The SFC found that these failures breached the SFC Code of Conduct as well as the SFC’s Management, Supervision and Internal Control Guidelines (Internal Control Guidelines) and the Securities and Futures (Keeping of Records) Rules (Keeping of Records Rules).

SFC’s disciplinary sanction for failure to comply with Internal Control Guidelines and the Keeping of Records Rules

The SFC reprimanded Fulbright and fined it HK$3.3 million under section 194 of the SFO for breaches of the Internal Control Guidelines and the Keeping of Records Rules and also suspended the licence of Mr. Liu for six months from October 2021 to April 2022.

SFC bans responsible officer for seven months for supervisory failures5

Chu Chun Wai (Mr. Chu) was approved to act as Zhonghui International Futures Company’s (ZIFC) responsible officer for Type 2 (dealing in futures contracts) regulated activity from 4 November 2016 to 9 June 2021 and also acted as the company’s manager in charge of overall management, risk management, business and operational control and review since 2017.

The SFC found that between May 2017 and July 2018, Mr. Chu (as responsible officer and executive director of ZIFC) failed to maintain appropriate standards of conduct, risk management and to adhere to proper procedures in respect of: (i) its clients’ use of customer supplied systems to place orders; (ii) approval of client requests for setting up third party operated accounts; and (iii) monitoring suspicious transactions in client accounts.

SFC disciplinary sanction for supervisory failures

While the SFC’s disciplinary action against Mr. Chu is related to its ongoing disciplinary action against ZIFC and details of its sanction against Mr. Chu have not been disclosed, the SFC has suspended Mr. Chu’s licence and banned him from practising for seven months (from December 2021 to July 2022).

SFC reprimands and fines Mason Securities Limited HK$3.6 million for breaches of AML requirements6

The SFC found that, between December 2014 and January 2015, Mason Securities Limited (MSL) (formerly known as GuocoCapital Limited) breached the AML/CTF Guidelines and requirements by failing to conduct proper customer due diligence prior to approving the opening of six client accounts using a non-face-to-face approach. No certification of client identity documents was carried out and documents were not certified by a suitable independent certifier, contrary to AML/CTF requirements.

The SFC also found that between May and July 2016, MSL failed to adopt reasonable measures in relation to the identification and handling of third party deposits in failing to identify 15 cheques issued by third parties which were deposited into five client accounts in breach of the AML/CTF Guidelines.
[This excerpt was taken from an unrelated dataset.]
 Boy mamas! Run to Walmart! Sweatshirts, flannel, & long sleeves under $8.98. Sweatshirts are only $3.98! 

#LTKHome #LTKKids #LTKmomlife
SFC disciplinary sanction for breach of AML/CTF requirements

The SFC determined that MSL’s breaches were due to its failure to ensure that proper safeguards were in place to mitigate the risks of money laundering and terrorist financing when identifying and handling third party deposits. There should have been adequate policies and procedures for identifying third party deposits but MSL had failed to put in place any such measures for an extensive period (since 2009).

To set a precedent and to deter similar misconduct in the market, the SFC reprimanded and fined MSL HK$3.6 million.
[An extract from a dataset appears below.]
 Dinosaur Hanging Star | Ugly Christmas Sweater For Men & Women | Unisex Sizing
SFC bans individual for life for misappropriating investors’ funds7

The SFC found that between May 2015 and September 2017 Poon Chun Hing (Mr. Poon) had misappropriated funds in an aggregate sum of HK$160,000 from two investors who attended financial planning or accounting courses at which Mr. Poon was the instructor. Mr. Poon entered into investment-related agreements with the investors but did not make any investments in securities or futures for them and instead misappropriated the funds for his personal use and/or withdrew them.

SFC disciplinary sanction for misappropriation of funds

Given Mr. Poon’s dishonest conduct and doubts as to his integrity and character, the SFC considered that he was not fit and proper to be a regulated person. In view of the severity of Mr. Poon’s conduct, the SFC banned him from the industry for life.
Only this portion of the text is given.